The Ford government did not make a minister available to speak with TVO Today directly about the case. An emailed statement from Minister of Children, Community and Social Services Michael Parsa highlighted the government’s increases to ODSP and OW funding, its decision to increase the amount of earned-income that recipients can keep before facing a clawback, and other measures — while otherwise declining to speak about a matter that is before the courts.
If they eventually prevail in court, the basic-income participants may be able to draw on an unusual but recent precedent: the 2020 decision in Seelster Farms et al v. Her Majesty the Queen, which involved a dispute over Ontario’s relationship with horseracing.
In 2012, with the province in a deep fiscal deficit, the then-Liberal government under Dalton McGuinty scoured the public accounts looking for any way to pare down expenses and increase revenues. One of the pots of money it found was the Slots at Racetracks Program, which shared revenues from slot machines at racetracks with the racetracks themselves via agreements signed with Ontario Lottery and Gaming (the provincial agency that regulated gambling in Ontario).

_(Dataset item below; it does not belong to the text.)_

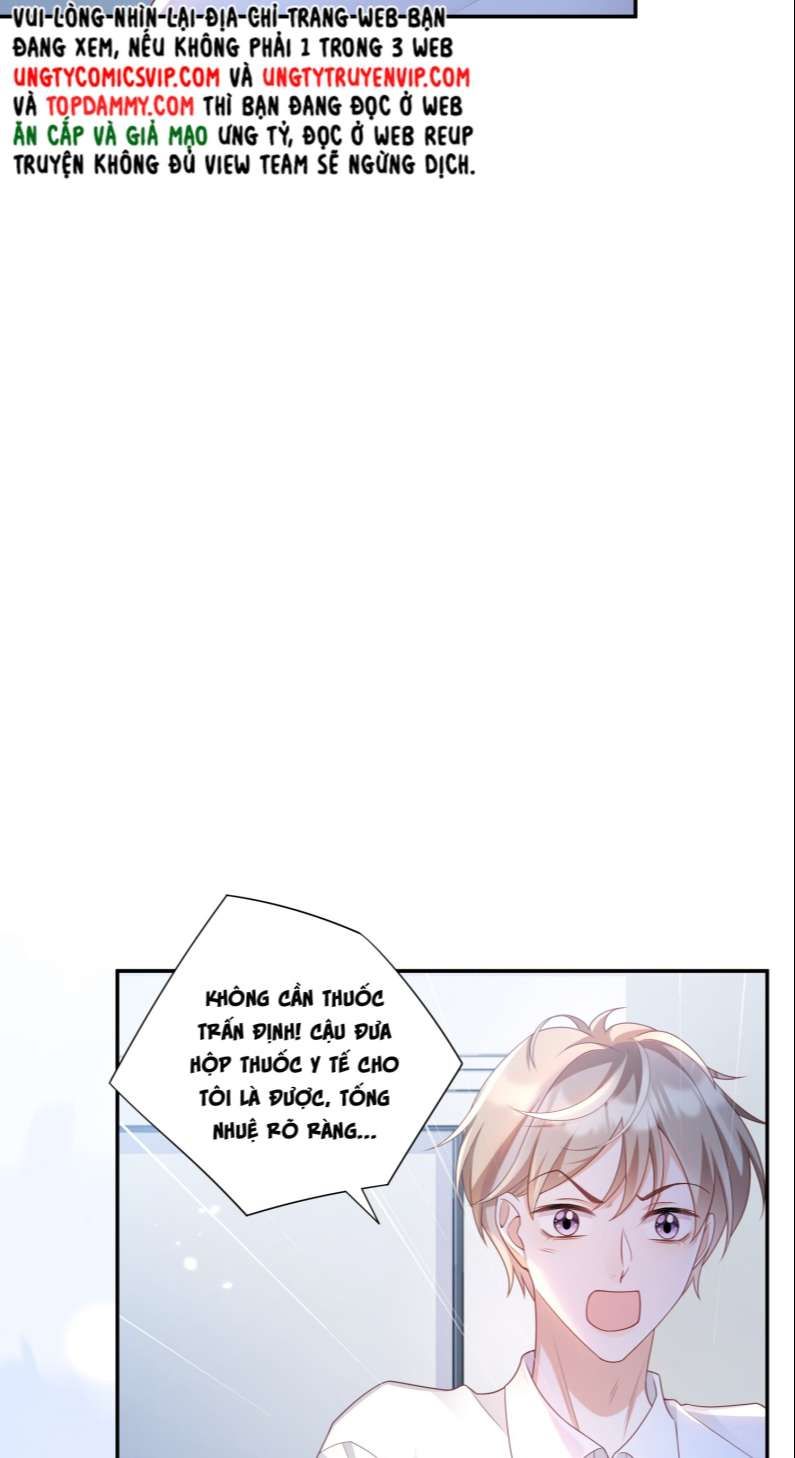 Nhân Thê Thụ Bị Bắt Tiếp Kịch Bản Cường Thụ: Chapter 10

Cabinet directed OLG to cancel its agreements with racetracks, meaning the revenue from slot machines would instead flow to the government’s coffers.
The financial effect on the province’s racetracks was devastating, and several racetracks ceased operations entirely. The evidence presented during the eventual trial suggested that the political staff at Queen’s Park had a remarkably cavalier attitude toward the sector. It’s arguable that the decision didn’t even substantially increase provincial revenues in the end after all. But, in this context, the noteworthy point is that it wasn’t racetracks that sued the government and won — it was standardbred horse breeders who owned farms and had invested substantially in their operations, with the reasonable expectation (as determined by the court) that a long-standing provincial program would be maintained, not least because many agreements had been renewed as recently as 2010.

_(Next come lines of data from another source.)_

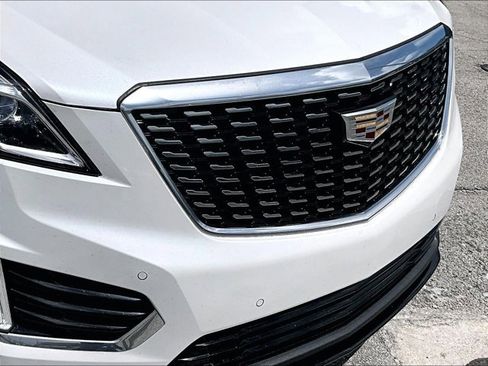 Used 2020 Cadillac XT5 Luxury image 29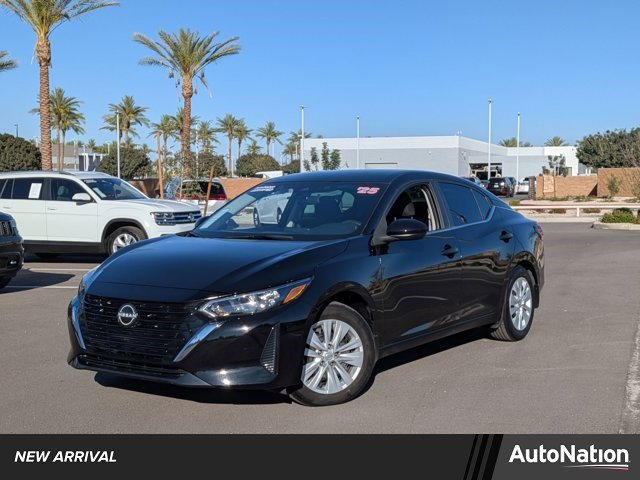 Used 2025 Nissan Sentra S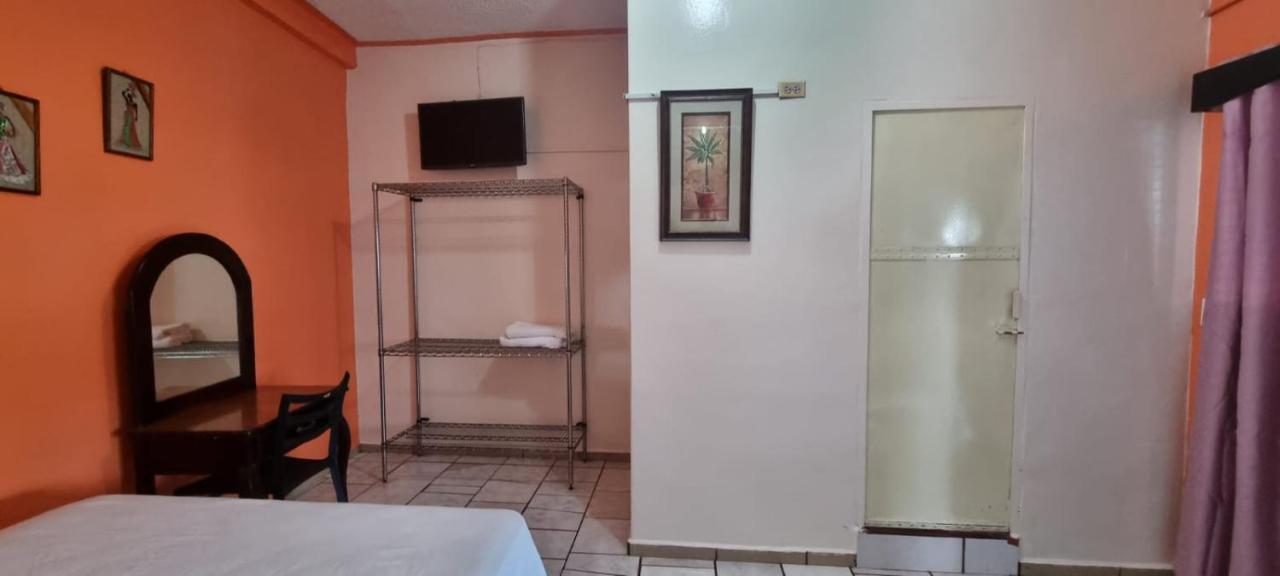 Hotel Los Andes Tegucigalpa Extérieur photo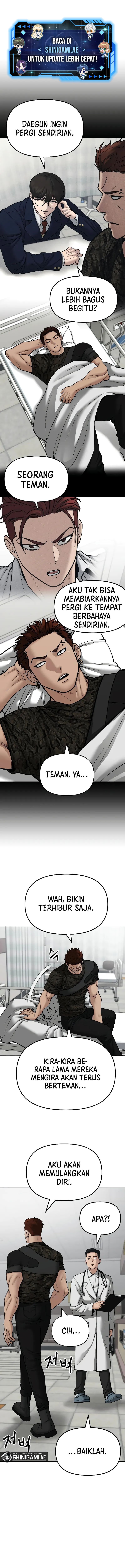 The Bully In Charge Chapter 82 halaman 1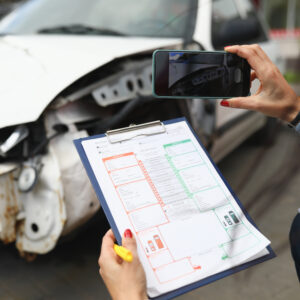 Protocolo de Actuación para Conductores ante un Accidente de Tráfico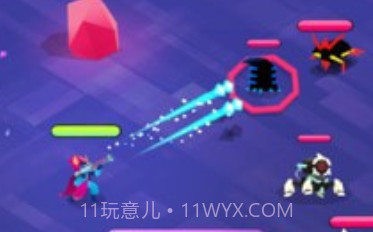 虚空战士v0.0.19截图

Notably, the court found that the government had breached its contractual obligations with horse breeders, despite the fact that the provincial government and the horse breeders had never signed an actual piece of paper.
Moreau, the lawyer representing basic-income participants, told TVO Today that, if anything, his clients have a substantially greater claim to a breach of contract than the horse breeders did, as pilot participants had to sign substantial documents laying out financial terms and their participation in research about the pilot.
He called on the government to stop spending public dollars contesting the lawsuit.
“Why are they taking so long?” he said. “I have that question in my mind every day — more so since we’ve been successful entirely up to this point.”